What was your welcome into this world like?
I liked this world right away. I liked the idea of being able to bring the word “art” together with the word “fashion”. I consider myself to be an artist not a designer. Designers create silhouettes. I create motifs and shapes.
This world has been for two periods in your life and you took a break of almost fifteen years. Why was that?
Because I was putting up resistance. I felt more creative living in Paris in those years, and I didn’t want to become an industrialist. I refused to get on board with the industrialisation of fashion. Then in the later half of the 1990s, when there was an opening, I understood that I had to start playing this part. I had to become an actor.
When I do an interview, I have to say things my audience will like. And to the general public I have to say that I like to go out at night. That I only drink Dom Pérignon champagne or that I only spend time on the French Riviera. The reality is that when one becomes a personality, he needs to play the part of the person people want him to be.
What about your clothes?
My clothes are always for the red carpet. Clothes to be worn to big parties. Personally, I love nature and colour. I am a positive person. I love to be cheerful, and I want to heal the world with a smile.

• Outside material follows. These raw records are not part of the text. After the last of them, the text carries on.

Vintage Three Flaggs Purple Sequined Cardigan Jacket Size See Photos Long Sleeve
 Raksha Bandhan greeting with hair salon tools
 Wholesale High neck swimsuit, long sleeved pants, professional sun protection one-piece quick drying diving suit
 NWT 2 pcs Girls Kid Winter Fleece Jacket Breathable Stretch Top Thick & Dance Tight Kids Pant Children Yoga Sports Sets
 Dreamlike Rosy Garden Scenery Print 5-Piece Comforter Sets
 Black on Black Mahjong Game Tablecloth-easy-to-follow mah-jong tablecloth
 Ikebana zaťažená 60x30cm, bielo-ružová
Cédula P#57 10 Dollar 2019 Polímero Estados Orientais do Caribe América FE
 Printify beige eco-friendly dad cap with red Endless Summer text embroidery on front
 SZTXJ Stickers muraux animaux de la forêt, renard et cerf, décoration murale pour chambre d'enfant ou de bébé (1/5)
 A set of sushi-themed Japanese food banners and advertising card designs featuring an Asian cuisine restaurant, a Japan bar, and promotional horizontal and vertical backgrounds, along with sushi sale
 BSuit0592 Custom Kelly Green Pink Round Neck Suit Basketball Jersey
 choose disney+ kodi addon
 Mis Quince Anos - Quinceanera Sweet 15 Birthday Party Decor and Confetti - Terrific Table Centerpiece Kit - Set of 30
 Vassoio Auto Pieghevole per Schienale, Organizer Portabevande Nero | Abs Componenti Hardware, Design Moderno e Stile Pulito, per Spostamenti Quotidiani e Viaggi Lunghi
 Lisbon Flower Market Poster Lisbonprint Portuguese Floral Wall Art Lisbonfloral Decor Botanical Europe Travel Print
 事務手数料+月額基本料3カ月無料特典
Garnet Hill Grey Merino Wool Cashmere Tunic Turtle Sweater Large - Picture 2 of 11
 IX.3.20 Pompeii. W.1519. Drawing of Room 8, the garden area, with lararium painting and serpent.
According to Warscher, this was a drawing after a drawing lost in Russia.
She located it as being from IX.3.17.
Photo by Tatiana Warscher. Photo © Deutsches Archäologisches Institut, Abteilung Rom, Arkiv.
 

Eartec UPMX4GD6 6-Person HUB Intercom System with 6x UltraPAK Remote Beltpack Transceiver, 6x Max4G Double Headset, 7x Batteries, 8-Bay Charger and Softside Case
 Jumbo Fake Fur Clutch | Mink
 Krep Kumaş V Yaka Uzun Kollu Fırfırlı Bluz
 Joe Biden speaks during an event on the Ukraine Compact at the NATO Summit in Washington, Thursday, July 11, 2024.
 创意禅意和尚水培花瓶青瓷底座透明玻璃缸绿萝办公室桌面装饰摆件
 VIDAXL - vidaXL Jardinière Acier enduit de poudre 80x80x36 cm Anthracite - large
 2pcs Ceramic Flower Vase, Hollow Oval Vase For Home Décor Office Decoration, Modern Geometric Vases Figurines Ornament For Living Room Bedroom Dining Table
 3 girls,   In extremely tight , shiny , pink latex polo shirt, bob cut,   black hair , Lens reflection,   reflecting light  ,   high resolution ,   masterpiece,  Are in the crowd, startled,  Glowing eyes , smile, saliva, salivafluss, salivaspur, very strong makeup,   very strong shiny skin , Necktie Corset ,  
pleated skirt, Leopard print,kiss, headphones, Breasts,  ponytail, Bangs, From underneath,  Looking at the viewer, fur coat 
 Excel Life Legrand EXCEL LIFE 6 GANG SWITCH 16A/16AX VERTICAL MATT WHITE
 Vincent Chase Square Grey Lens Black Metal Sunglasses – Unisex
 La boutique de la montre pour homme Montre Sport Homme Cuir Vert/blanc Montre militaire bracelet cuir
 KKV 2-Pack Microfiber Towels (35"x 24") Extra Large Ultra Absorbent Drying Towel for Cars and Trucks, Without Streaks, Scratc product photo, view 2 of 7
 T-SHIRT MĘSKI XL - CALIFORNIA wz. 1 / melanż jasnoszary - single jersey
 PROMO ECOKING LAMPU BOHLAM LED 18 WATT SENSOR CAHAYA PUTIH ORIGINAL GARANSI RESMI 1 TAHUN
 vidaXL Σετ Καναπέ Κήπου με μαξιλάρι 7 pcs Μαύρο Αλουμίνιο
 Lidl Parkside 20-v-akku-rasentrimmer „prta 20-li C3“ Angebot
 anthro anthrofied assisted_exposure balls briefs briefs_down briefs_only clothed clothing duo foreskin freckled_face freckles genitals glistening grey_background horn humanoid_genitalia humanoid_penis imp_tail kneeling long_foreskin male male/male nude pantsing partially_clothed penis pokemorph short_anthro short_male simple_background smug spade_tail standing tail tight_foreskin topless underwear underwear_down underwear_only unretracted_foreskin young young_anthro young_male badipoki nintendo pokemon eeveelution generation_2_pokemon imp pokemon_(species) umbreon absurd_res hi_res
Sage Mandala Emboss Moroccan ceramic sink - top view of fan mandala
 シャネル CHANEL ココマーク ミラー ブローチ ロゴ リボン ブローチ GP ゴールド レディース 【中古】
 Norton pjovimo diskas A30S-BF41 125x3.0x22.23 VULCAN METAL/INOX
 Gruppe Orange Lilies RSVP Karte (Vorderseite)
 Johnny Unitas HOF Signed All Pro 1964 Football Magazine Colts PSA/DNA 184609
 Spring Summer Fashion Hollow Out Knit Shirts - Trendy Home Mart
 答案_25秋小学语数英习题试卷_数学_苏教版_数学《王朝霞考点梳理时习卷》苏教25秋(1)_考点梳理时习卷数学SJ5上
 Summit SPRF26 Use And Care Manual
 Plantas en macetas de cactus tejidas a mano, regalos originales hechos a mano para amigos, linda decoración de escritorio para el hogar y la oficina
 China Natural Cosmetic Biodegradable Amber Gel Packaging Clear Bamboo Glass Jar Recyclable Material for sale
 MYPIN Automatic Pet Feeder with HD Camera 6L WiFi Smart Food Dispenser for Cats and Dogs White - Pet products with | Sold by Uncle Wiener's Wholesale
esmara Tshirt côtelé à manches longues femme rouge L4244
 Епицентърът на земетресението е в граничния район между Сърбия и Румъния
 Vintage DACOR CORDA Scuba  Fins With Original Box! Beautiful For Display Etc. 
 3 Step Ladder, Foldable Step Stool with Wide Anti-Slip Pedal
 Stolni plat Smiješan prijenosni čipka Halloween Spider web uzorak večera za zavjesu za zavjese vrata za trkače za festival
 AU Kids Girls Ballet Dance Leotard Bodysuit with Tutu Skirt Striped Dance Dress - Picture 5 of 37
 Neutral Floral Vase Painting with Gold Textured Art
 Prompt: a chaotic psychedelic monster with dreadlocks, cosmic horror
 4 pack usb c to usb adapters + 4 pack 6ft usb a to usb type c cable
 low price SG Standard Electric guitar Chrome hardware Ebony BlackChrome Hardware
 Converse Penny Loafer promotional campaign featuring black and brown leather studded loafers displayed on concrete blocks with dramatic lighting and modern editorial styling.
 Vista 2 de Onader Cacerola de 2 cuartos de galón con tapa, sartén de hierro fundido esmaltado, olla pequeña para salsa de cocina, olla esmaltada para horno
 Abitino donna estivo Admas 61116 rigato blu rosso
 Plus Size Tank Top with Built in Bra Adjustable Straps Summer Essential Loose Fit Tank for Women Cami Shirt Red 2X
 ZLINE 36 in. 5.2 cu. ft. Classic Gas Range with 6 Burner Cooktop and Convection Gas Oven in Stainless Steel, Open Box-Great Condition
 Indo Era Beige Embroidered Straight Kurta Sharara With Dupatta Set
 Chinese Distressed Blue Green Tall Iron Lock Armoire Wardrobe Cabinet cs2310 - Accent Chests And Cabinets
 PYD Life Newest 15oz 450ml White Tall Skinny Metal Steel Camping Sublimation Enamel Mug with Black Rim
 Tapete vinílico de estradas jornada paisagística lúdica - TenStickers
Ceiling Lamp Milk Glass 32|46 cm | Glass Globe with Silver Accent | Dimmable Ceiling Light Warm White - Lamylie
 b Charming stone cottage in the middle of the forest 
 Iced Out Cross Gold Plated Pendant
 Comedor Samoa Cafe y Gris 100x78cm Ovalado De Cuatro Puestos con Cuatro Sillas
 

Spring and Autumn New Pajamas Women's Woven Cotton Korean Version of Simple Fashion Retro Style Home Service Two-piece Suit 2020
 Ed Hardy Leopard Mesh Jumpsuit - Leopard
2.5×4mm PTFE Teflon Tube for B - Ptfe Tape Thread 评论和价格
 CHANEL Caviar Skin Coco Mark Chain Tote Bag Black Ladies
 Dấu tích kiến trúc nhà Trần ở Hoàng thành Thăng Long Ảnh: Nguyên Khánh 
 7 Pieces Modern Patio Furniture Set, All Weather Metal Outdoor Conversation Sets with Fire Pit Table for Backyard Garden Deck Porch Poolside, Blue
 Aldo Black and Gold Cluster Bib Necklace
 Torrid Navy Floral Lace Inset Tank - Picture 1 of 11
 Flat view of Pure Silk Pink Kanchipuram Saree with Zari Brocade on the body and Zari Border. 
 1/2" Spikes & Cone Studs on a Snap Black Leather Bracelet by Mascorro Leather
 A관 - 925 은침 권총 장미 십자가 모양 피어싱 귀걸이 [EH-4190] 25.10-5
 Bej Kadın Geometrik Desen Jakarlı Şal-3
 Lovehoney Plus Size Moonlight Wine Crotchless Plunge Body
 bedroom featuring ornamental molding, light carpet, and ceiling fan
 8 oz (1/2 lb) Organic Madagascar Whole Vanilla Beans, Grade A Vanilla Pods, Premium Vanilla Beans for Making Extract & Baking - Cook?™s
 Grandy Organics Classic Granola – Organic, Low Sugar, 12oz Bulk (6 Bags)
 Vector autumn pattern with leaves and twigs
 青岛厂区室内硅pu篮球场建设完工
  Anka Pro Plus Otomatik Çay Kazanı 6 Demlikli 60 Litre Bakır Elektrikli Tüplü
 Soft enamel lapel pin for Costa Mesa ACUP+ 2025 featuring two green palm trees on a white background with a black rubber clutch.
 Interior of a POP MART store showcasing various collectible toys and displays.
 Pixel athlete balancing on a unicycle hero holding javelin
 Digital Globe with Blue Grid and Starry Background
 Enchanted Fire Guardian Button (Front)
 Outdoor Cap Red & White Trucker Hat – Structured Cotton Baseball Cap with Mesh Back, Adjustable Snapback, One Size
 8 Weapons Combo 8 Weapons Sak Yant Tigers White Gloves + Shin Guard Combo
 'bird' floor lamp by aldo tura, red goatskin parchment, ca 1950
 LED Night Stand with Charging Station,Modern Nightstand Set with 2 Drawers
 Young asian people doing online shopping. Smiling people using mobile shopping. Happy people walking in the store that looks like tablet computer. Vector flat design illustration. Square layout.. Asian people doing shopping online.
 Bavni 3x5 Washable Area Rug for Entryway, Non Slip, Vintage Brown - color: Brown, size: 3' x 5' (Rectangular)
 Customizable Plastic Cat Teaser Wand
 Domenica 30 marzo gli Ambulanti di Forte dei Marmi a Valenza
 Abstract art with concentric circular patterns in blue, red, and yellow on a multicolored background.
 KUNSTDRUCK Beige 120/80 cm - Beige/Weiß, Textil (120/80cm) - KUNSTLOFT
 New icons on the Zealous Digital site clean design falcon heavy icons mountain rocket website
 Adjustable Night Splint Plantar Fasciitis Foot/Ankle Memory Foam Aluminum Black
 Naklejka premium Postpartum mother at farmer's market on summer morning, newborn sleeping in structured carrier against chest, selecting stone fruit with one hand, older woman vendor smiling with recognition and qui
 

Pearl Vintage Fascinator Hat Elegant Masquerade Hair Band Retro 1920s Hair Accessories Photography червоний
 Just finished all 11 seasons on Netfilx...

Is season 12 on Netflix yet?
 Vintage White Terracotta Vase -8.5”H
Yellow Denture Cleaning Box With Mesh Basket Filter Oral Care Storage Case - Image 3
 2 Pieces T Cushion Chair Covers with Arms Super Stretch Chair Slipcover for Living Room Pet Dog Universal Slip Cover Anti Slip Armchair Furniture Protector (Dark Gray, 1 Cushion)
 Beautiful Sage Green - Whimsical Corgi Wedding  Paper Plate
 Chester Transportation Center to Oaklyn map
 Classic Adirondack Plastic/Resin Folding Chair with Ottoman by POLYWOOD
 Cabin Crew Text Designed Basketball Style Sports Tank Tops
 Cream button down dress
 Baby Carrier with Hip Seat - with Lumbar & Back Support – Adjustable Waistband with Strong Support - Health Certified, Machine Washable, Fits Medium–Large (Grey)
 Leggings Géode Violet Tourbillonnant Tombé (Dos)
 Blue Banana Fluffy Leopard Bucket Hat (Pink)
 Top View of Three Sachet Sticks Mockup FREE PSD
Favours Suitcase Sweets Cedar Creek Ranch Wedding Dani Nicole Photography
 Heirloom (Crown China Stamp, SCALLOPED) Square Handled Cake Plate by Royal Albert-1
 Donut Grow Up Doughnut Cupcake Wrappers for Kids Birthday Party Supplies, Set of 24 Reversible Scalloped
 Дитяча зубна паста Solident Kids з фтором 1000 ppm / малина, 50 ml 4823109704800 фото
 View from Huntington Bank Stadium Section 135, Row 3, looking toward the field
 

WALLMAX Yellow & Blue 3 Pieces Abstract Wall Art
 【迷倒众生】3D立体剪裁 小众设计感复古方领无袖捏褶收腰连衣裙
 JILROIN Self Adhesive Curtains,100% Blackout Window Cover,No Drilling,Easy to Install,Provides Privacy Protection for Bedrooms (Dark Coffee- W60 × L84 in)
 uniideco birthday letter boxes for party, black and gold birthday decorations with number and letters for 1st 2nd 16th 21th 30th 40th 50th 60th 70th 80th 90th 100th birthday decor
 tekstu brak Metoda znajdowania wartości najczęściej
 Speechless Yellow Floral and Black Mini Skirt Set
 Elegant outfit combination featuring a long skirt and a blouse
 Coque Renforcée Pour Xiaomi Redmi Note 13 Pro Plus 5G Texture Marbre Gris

How many Cavalli stores are there around the world?
What are some of the places where you have most success in the world?
I have success just about everywhere. In Russia, the Middle East, India, and Italy. They know me less in Japan.
How is Italian fashion doing?
Well, but it could be doing better if there were greater organisation. It’s as if we were all doomed to be jealous of one another in fashion. But in this way it’s difficult to create a system. Everyone has to go in his own direction. It’s different in France. There are two big groups, and it’s easier to create a system.
What does your brand mean after forty years?
It needs to make them dream, exactly as it did when I started out.
Must a woman always be sexy?
Absolutely. And behind the wheel of a Fiat 500 designed by Cavalli, she would certainly be sexy.
What makes a woman sexy? Wearing blue jeans, boots, and very tight clothes?
I don’t think that this is enough. A woman is sexy if she has the desire to be sexy.
Up to what age can she be considered sexy?
Up to a thousand years. Being sexy is certainly a state of mind.
Have you made some controversial comments about the fashion shows in Milan?
Well, yes, of course. Unlike many of my colleagues, I have no intention of spending millions and millions to have a building constructed just to show my collections a few times a year. I would like to be given a nicer, larger space where I can hold my fashion shows, but at the moment this isn’t what is happening.
After forty years of doing this work, is your family now involved?
Absolutely, yes. Especially my wife, and two of my children who work with me in different roles and capacities. All of us together make for an excellent team.